EXERCISE
Using the entries that follow, give the number of lines containing the string "Silhouette". Write nothing besides that number.

MATERIAL FOR THIS TASK
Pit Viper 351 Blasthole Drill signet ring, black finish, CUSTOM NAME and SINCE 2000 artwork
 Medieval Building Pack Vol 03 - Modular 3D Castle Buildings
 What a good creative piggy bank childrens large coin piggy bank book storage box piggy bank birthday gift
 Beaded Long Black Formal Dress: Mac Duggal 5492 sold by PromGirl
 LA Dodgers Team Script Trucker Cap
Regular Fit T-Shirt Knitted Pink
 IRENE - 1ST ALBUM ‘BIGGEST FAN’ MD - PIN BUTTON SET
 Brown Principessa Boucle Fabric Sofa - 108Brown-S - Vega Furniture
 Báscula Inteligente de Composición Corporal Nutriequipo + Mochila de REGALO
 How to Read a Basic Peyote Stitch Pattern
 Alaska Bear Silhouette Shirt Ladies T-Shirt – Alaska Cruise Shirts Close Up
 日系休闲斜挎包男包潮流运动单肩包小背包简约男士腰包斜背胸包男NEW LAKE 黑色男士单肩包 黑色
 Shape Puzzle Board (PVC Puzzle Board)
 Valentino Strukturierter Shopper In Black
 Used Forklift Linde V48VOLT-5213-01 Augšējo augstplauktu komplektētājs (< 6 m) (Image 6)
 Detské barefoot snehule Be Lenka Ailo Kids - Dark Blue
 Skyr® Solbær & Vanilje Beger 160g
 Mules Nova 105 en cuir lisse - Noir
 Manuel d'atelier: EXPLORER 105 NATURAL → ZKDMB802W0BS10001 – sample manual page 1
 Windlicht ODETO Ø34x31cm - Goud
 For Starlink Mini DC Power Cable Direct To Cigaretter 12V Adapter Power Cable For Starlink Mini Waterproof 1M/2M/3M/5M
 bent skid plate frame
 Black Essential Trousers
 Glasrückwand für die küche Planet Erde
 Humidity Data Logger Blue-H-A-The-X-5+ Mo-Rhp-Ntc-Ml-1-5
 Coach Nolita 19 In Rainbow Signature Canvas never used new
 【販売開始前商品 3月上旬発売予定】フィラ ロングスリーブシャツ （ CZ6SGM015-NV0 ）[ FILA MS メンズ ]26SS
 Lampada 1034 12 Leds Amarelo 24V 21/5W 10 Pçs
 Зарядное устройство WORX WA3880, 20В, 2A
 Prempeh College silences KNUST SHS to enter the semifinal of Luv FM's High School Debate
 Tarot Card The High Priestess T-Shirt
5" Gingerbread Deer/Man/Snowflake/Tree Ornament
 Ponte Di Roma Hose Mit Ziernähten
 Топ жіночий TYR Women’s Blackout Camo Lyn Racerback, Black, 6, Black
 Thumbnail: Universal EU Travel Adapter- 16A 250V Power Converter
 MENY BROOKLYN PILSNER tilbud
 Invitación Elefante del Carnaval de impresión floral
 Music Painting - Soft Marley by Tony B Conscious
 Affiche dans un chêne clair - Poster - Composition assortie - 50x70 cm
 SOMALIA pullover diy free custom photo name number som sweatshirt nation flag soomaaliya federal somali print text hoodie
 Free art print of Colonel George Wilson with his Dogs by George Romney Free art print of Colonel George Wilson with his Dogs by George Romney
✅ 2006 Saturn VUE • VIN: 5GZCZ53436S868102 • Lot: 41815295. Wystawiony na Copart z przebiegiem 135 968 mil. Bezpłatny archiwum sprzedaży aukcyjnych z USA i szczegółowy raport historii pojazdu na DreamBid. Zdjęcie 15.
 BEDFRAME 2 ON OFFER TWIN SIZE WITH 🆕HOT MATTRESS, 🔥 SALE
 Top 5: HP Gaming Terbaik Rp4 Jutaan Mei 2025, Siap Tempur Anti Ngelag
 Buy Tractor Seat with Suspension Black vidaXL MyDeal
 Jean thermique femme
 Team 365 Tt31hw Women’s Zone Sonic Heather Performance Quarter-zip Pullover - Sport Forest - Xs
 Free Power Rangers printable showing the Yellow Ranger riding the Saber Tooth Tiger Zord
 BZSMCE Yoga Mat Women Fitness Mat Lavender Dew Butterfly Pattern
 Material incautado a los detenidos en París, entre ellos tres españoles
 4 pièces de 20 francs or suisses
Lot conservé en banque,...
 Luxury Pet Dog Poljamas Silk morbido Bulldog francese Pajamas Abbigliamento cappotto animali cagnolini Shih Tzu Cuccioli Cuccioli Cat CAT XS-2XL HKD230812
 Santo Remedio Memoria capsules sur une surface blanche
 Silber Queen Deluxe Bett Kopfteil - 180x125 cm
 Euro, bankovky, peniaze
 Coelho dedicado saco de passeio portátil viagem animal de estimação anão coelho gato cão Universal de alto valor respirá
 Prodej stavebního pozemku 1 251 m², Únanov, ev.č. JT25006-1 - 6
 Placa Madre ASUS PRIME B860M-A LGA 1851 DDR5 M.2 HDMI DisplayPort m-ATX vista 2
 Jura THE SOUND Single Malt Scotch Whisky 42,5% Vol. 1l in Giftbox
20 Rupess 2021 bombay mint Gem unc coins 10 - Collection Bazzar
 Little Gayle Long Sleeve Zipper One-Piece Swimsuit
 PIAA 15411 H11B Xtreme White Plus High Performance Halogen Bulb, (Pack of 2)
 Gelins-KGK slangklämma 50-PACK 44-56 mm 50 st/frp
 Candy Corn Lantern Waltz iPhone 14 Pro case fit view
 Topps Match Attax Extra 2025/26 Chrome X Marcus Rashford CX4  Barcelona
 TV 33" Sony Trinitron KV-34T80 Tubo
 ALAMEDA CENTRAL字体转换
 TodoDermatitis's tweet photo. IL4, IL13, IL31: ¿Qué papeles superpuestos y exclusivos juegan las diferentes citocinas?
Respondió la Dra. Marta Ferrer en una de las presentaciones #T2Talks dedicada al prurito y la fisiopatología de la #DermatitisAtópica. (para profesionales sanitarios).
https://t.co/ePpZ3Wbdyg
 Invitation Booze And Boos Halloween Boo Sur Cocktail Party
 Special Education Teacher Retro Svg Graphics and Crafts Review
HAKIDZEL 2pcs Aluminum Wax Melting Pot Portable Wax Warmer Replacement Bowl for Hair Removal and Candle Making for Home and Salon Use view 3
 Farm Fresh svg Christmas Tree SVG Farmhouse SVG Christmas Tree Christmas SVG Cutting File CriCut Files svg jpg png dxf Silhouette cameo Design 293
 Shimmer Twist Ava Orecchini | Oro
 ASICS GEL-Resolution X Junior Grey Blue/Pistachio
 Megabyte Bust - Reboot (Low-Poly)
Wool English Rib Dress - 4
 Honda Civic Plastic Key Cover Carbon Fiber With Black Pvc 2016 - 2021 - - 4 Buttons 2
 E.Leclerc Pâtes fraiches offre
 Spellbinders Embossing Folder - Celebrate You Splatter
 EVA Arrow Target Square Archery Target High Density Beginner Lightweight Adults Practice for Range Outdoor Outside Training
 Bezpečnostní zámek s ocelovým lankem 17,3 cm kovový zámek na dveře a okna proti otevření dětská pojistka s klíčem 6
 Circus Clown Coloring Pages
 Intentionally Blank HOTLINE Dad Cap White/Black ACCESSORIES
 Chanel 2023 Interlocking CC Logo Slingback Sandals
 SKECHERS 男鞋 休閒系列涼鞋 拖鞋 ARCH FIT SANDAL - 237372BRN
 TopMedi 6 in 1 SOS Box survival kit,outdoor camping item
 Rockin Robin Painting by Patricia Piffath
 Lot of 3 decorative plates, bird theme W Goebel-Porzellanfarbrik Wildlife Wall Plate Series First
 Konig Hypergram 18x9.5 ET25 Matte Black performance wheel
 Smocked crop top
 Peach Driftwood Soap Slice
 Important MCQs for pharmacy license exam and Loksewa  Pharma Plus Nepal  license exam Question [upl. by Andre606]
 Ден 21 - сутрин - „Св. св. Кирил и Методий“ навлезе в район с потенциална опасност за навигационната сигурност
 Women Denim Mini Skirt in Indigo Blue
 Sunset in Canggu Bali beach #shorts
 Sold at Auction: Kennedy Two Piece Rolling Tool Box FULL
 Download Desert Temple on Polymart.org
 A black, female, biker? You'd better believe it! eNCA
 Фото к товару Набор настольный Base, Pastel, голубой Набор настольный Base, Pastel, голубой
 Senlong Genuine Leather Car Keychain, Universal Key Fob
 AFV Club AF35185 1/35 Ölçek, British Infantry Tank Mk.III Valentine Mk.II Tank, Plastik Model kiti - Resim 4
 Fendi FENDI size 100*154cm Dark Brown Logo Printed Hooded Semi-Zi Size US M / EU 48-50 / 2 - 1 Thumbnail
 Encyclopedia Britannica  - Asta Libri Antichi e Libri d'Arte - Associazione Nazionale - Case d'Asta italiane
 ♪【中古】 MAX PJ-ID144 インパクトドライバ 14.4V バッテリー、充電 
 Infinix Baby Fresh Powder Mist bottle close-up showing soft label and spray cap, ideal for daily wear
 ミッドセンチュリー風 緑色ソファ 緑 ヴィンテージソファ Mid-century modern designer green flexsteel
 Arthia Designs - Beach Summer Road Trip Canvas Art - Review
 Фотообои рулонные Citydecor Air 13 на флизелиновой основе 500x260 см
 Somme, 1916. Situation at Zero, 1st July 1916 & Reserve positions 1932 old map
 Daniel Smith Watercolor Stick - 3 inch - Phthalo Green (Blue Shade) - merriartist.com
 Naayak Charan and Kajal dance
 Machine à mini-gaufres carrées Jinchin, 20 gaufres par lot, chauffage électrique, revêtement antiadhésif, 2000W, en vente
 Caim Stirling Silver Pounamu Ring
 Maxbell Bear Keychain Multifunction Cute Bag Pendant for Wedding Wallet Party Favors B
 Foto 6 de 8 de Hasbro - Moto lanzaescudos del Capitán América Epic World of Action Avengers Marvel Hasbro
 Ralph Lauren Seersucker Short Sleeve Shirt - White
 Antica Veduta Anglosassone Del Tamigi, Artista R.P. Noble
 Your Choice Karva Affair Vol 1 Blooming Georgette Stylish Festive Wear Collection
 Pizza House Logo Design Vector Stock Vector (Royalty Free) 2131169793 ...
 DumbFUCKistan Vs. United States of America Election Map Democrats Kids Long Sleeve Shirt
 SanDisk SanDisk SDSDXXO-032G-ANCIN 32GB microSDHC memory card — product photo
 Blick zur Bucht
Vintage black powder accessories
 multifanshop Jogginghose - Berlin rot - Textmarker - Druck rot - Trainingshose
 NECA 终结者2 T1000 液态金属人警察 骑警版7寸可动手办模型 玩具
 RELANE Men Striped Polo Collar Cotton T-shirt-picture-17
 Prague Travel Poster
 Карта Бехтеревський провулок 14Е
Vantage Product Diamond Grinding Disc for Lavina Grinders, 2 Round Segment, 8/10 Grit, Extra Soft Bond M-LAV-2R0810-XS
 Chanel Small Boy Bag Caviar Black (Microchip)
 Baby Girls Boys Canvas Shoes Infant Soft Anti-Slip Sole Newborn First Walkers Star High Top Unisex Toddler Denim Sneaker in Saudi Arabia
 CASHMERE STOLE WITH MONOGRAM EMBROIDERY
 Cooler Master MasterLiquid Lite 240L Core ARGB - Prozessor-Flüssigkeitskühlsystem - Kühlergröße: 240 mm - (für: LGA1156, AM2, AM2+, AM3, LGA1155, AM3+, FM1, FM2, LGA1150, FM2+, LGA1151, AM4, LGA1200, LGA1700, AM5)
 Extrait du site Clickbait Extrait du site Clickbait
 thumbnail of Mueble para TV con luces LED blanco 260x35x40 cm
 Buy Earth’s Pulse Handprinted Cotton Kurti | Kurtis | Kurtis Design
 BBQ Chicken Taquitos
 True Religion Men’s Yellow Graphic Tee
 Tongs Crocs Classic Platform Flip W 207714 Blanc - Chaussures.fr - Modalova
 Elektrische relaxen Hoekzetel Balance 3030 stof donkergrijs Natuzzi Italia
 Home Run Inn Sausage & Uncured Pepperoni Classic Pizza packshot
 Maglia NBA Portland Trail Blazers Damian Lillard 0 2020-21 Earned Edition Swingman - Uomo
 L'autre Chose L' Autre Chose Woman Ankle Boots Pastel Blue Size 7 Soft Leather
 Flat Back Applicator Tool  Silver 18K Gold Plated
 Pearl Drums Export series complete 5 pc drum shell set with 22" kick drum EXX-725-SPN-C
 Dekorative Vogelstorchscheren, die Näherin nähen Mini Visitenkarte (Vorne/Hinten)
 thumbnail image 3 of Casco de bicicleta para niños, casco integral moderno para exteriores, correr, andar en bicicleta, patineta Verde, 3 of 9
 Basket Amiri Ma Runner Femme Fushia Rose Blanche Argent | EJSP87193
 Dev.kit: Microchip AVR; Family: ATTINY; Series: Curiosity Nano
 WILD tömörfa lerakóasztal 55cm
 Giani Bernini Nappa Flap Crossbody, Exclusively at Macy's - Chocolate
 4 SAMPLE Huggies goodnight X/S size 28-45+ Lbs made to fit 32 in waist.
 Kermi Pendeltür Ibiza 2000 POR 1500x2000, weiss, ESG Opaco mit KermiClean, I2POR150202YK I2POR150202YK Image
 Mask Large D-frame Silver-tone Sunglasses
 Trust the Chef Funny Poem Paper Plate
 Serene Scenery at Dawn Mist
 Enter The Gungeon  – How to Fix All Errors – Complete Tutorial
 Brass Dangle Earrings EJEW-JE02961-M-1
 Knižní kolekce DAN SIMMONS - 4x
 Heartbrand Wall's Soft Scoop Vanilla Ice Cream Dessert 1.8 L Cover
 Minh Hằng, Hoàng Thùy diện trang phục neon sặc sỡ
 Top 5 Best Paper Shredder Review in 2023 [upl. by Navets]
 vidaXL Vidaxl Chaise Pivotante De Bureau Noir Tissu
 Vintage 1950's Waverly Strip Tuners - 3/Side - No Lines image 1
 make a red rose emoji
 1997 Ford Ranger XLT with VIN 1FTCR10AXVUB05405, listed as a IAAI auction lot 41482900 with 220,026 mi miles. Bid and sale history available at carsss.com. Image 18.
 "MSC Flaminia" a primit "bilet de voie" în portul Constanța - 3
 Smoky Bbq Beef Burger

WRITTEN ANSWER
2